A l’instar du combat que Tita Lulu a mené pour nous, j’ai pris la parole haut et fort pour encourager d’autres personnes, qu’ils ou elles soient des enfants victimes de violences sexuelles ou non, à mettre fin à ces actes inhumains.
En 2017, j’ai été la représentante de l’équipe des Jeunes Ambassadeurs des Droits de l’Enfant pour le Concours des Dix Jeunes Talents Philippins issus d’Organisation de Jeunesse, où j’ai fini à la première place parmi 400 candidatures.
En Février 2018, accompagnée de la chargée de programme de Prévention et Plaidoyer, nous nous sommes rendues au siège de l’ONU à New York pour assister, pendant 5 jours, à l’Assemblée de la Jeunesse d’Hiver 2018 où j’ai porté les couleurs de CAMELEON.
Pour faire le bilan, depuis l’année 2015 où j’ai obtenu mon baccalauréat, j’ai reçu mon diplôme universitaire d’éducateur spécialisé, remporté un prix spécial en Rhétorique, Littérature et Théâtre, et été nominée pour le prix de Professeur de Théâtre Exceptionnel. Désormais, je partage mon temps entre les séminaires de sensibilisation aux droits de l’enfants à destination de différents publics, les cours de théâtre que je dispense, et le développement de nouveaux matériels de prévention et de plaidoyer pour encourager de nouvelles personnes à rejoindre le combat contre les violences sexuelles.

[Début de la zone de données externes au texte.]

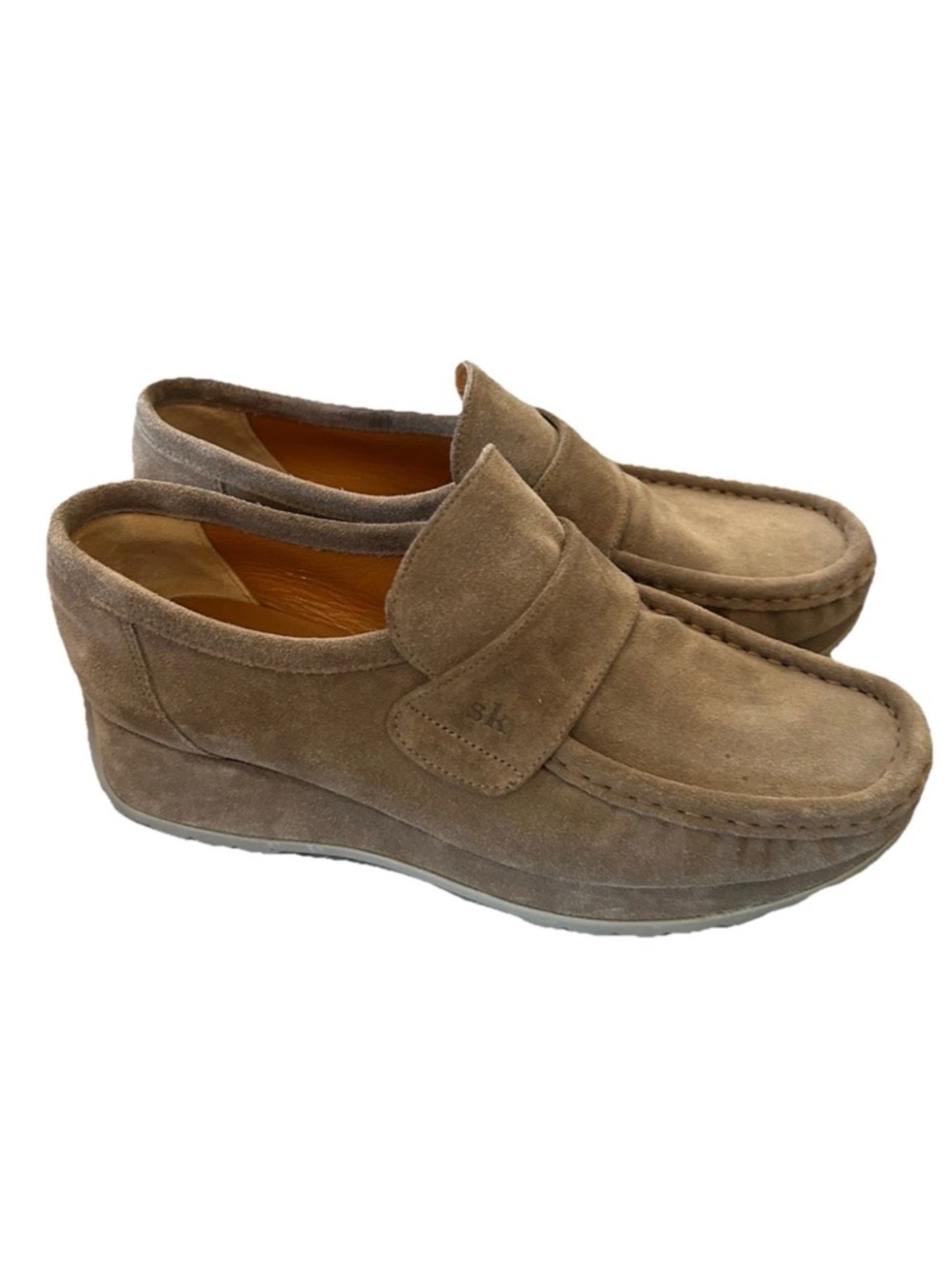 Stephane Kelian Paris Vintage Suede Platform Loafers Taupe EU39 US9 Minimalist
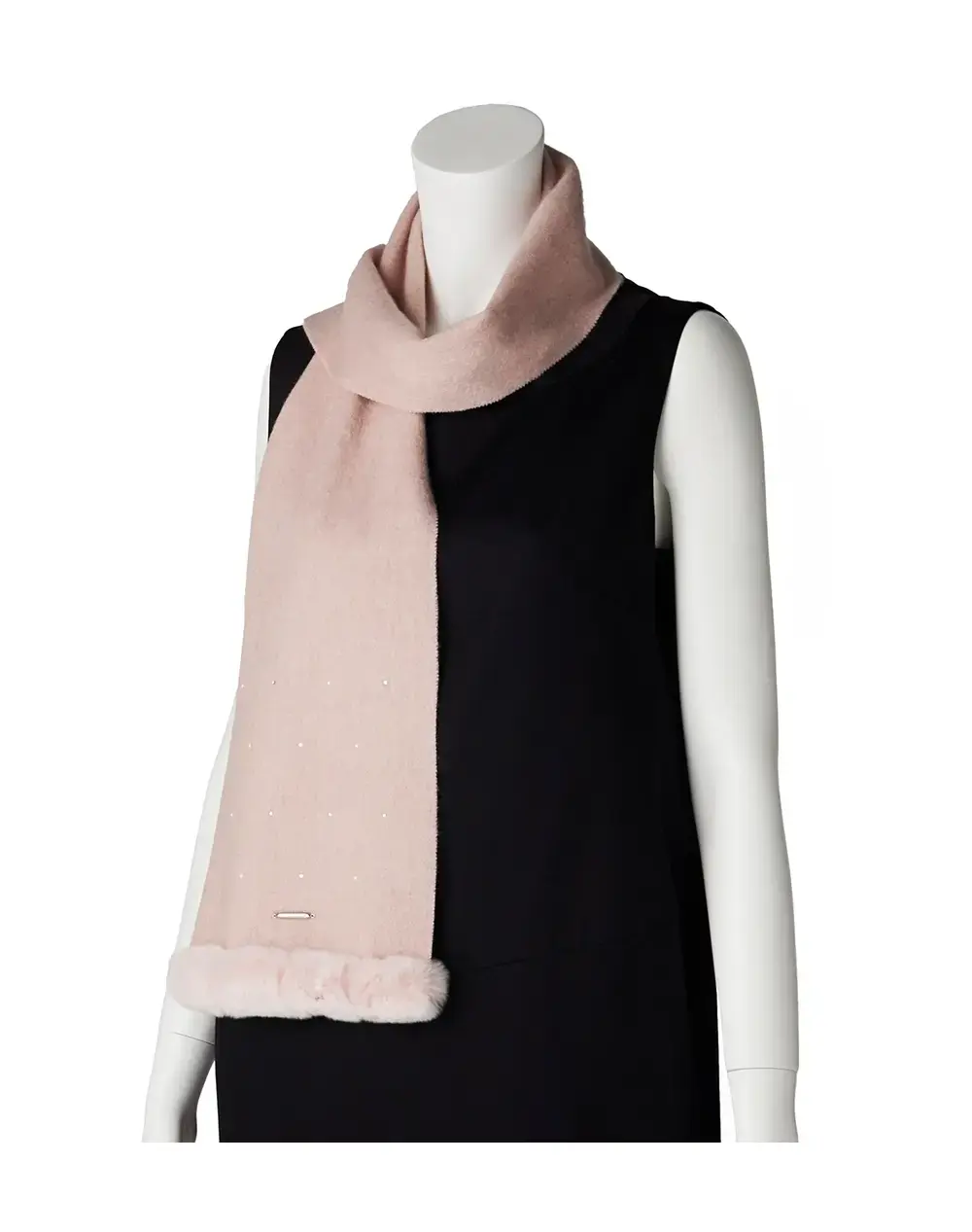 ラインストーン付きカシミヤウールプチマフラー/ピンク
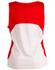 A red and white ladies' sprint singlet featuring a mesh design and a logo on the back.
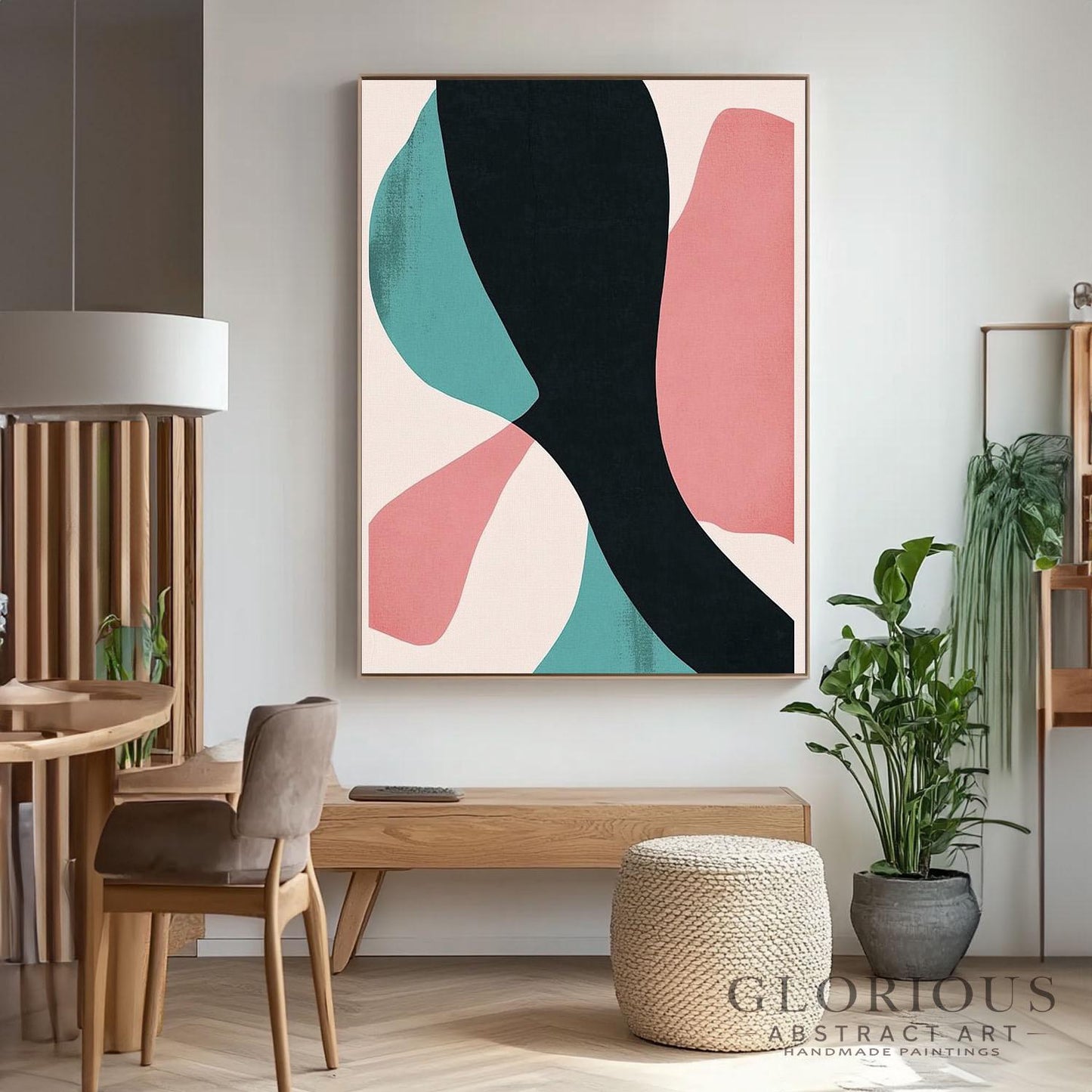 Pink and Teal Abstract Wall Art, Minimalist Painting, Black Geometric Art, Modern Canvas Decor, Contemporary Home Art, Living Room Decor Art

Ce fut un long chemin, depuis la petite fille que j’étais et qui n’arrivait pas à parler, à celui de femme qui élève sa voix pour celles et ceux qu’on essaie de réduire au silence. Une longue décennie de combat entre les tourmentes du passé, le soutien et les encouragements que j’ai reçus, les succès mais aussi les obstacles de la vie. Ce fut une bataille que j’ai pu gagner grâce à Tita Lulu et à mes parrains qui ont combattu à mes côtés.
Aujourd’hui, les enfants m’appellent “Manang”, un nom affectueux qui veut dire grande sœur en hiligaynon. Parfois, je me perds entre les pages d’un livre et je ne peux m’empêcher de penser à celles et ceux qui vivent encore dans l’ombre et qu’on essaie de faire taire. J’espère qu’un jour, ils seront tous trouvés, et que nous serons de plus en plus nombreux dans ce combat et pour leur prêter main forte, comme cela est arrivé pour moi.